The cousins can give you plenty of reasons not to drink, but the most compelling is that two girls in Nome, despite alcohol controlling every aspect of their childhoods, are doing everything in their power to reclaim that control.

Stepping out:

Now it’s 2015. And today the two cousins are working to improve their family’s future. Tehya is completing her senior year at Nome-Beltz High School and participating in the Alaska Native Science and Engineering Program at the University of Alaska Anchorage. Sierra is playing basketball and wrestling for the high school team.

“I love being active and sweating, and I love that exhaustion feeling, because I know the next day I’m going to feel great,” Sierra says. “I wouldn’t be able to do that if I drank. I’d have to give up something like that.”

Both Tehya and Sierra are active participants in the Nome Native Youth Leadership organization. They frequently perform service in the community, and travel around the state to leadership conferences. This month, they plan to fly to Spokane, Washington to take part in the national Today’s Native Leaders conference.

These days you can find the Tuckers on TV, in the Be [You] Alaska campaign, which aims to spread the word to the state’s underage population that most of their peers actually don’t drink.
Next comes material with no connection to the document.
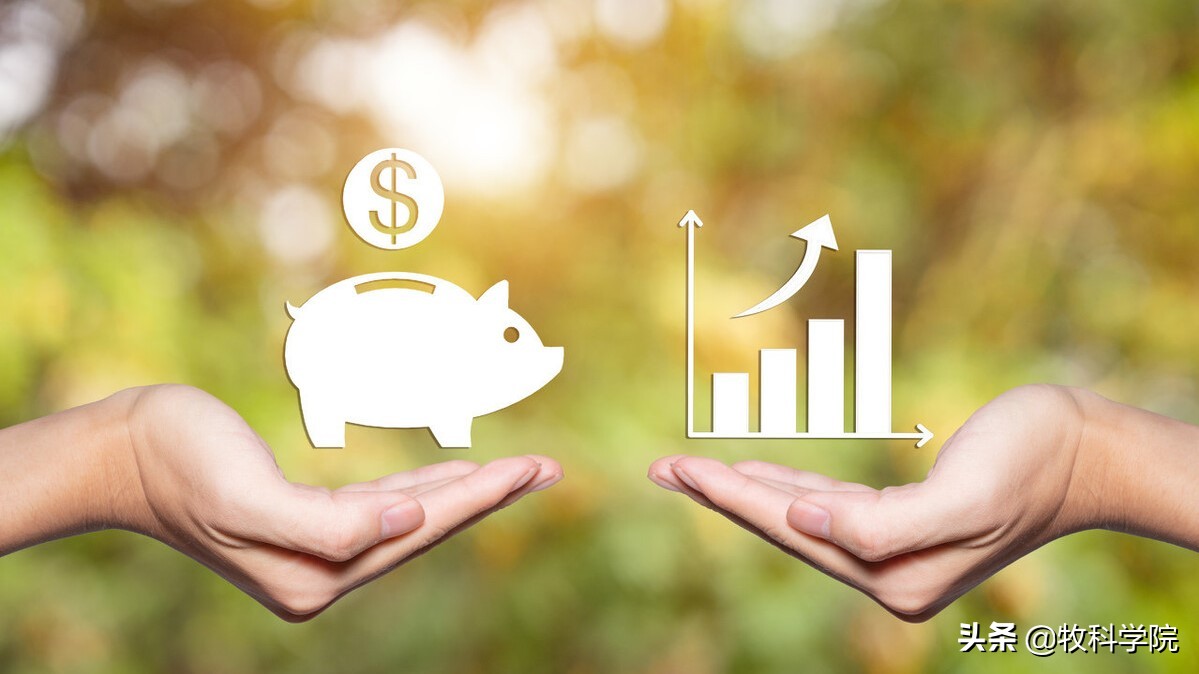 明日猪价行情11月,明日猪价储备冻猪肉投放市场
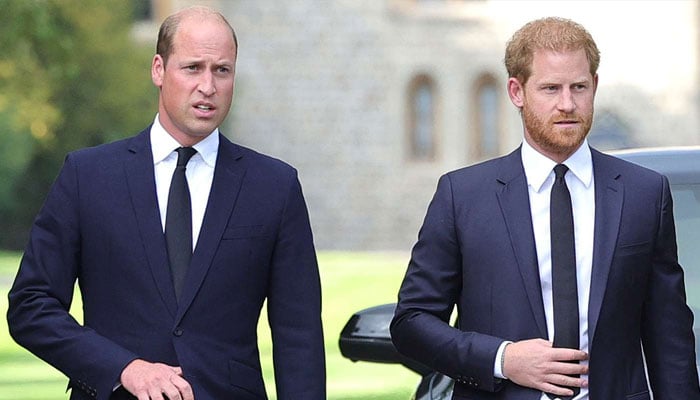 Prince Harry faces off with Prince William over new family role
“There’s been some big things that’s happened in our family, so for us to be doing good in school and be doing all these activities … is just making a whole new name for our family,” Sierra says.

Their goal is to completely change the narrative of what it means to be a Tucker.

“Me and (Sierra) always talk about how we have a family who drank a lot and didn’t go very far and that we’re breaking that line and trying to go further, and we’re really proud that we’re both together,” Tehya says.

Each of the cousins is thinking about what college they’ll attend. Tehya is considering studying engineering at Montana State University. Sierra is considering studying Inupiaq for two years at Ilisagvik College in Barrow. She hopes to one day become an attorney or maybe a tribal youth coordinator.

“We’re going to be the first two people to go to college in our family,” Sierra says. “It’s going to be great.”

Together, they’re continuing to change their family’s narrative and take ownership of their name.

“Yeah,” Sierra says. “We’re Tuckers now.”